Plant parts used have included leaves, roots, stems, and root bark. When comparing various species and plant parts, the roots of S. reticulata were shown to exhibit greatest activity with respect to inhibiting postprandial blood glucose levels.

A number of clinical investigations have been conducted with Salacia extracts. These studies have indicated that aqueous extracts when administered to type II diabetic subjects effectively control blood glucose levels and do so without adverse effects. Furthermore, blood lipids are also modulated. In addition, tissue damaging glycosylation reactions involving elevated glucose levels are also decreased as indicated by lowered levels of HbA1c. Lack of adequate detail with respect to plant part used and methods of extract preparation constitutes the major problems associated with a number of the clinical studies. As a consequence, these studies cannot be reproduced by other investigators.

Various toxicity studies have been conducted in rats and mice. The results indicate that doses of extracts as high as 2000–2500 mg/kg per day are without adverse effect. Several studies indicate that liver hypertrophy may occur, although one study indicated that lower liver weights were observed. However, in general, the doses at which hepatic hypertrophy have occurred are many‐fold higher than a typical human dose.

The hypoglycemic and hypolipidemic mechanisms of action of Salacia extracts have been examined by various investigators, and it is evident that multiple mechanisms involving multiple constituents exist. For example, Salacia root extracts modulate multiple targets including α‐glucosidase, aldose reductase, and pancreatic lipase, PPAR‐α‐mediated transcription of lipogenic genes, GLUT4 transporter, and angiotensin II type 1 receptor.
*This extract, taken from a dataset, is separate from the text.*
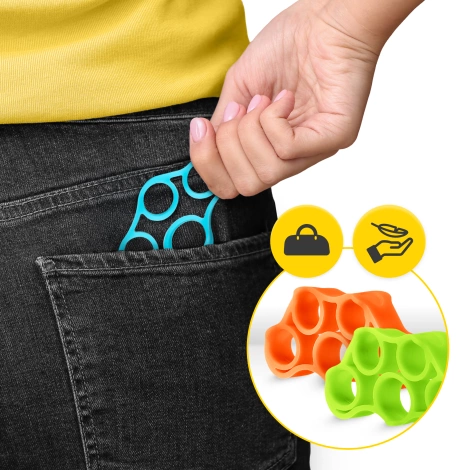 Zestaw 9 gum do ćwiczeń rąk palców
The relative role of these various mechanisms may depend upon the relative concentrations of the various active agents in a given extract. The relative proportion of the active constituents will depend upon the extraction solvent and process, Salacia species involved, plant part used, growing and harvesting conditions, soil, and genetic variations. Lack of standardization of extracts and the general lack of knowledge of the composition of the extracts used represent a major problem and point of concern.
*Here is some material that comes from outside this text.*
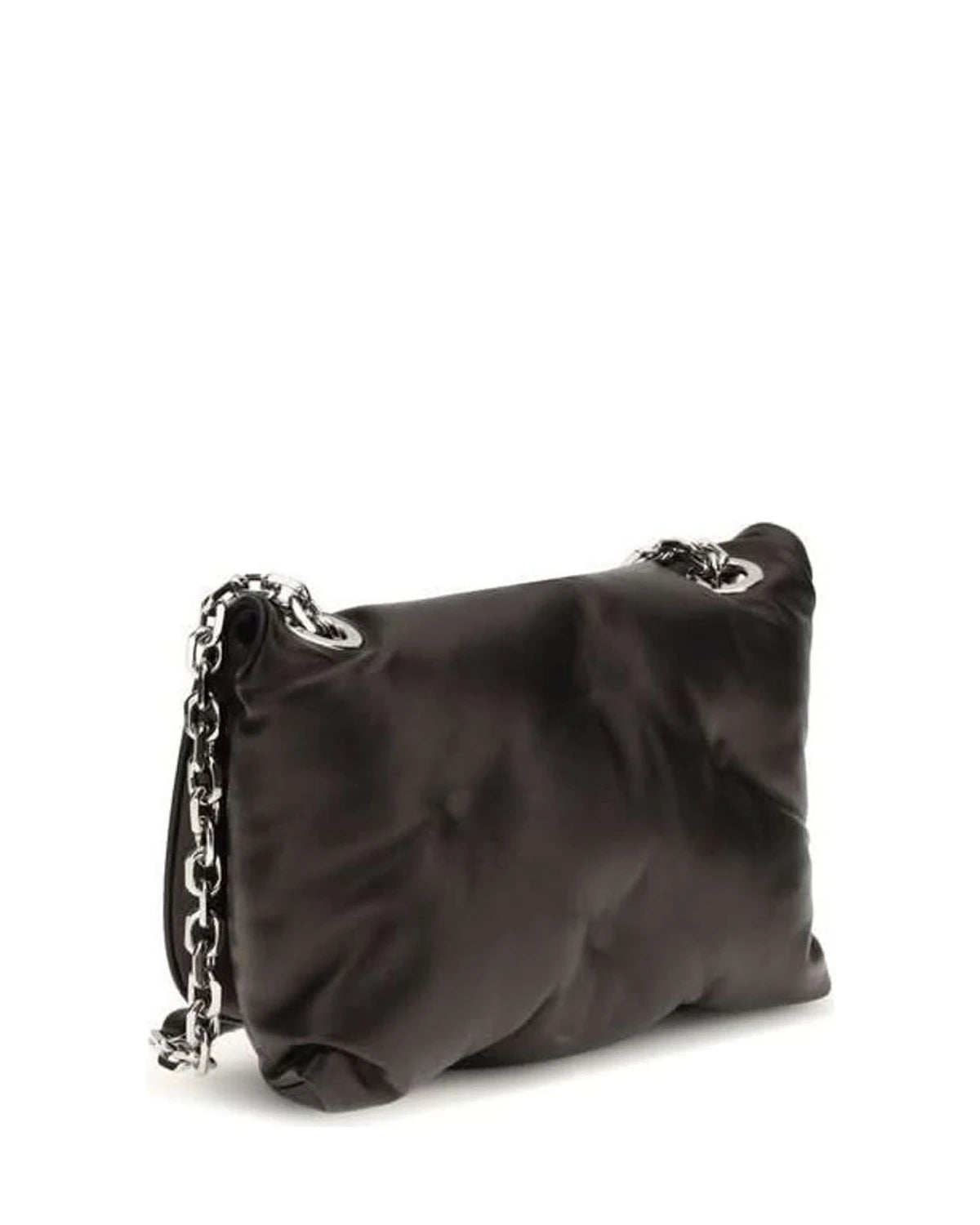 Maison Margiela Black Lamb Ovis Aries Shoulder Bag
The most prominent active agents in Salacia include salacinol, kotalanol, mangiferin, and kotalagenin 16‐acetate. Mangiferin has been the most extensively studied individual constituent. Numerous minor constituents also exhibit pharmacological activity. A major advantage of using an herbal extract is the existence of multiple mechanisms involving multiple ingredients. A disadvantage is the fact that standardization is difficult because multiple active constituents are present.
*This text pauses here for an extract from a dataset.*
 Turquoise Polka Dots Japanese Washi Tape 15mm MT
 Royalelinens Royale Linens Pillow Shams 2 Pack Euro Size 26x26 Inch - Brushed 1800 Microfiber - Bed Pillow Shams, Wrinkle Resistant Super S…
Finally, no human clinical study to date has assessed the ability of Salacia extracts to serve as a weight loss agent, although this has been clearly established in animal studies. It is assumed that Salacia extracts can support weight loss and weight management because they are able to modulate glucose and lipid metabolism. Long‐term human studies assessing weight loss as well as safety are needed. The most useful would be studies conducted with defined chemical compositions.

Conflict of Interest

The authors have no conflicts of interest to report.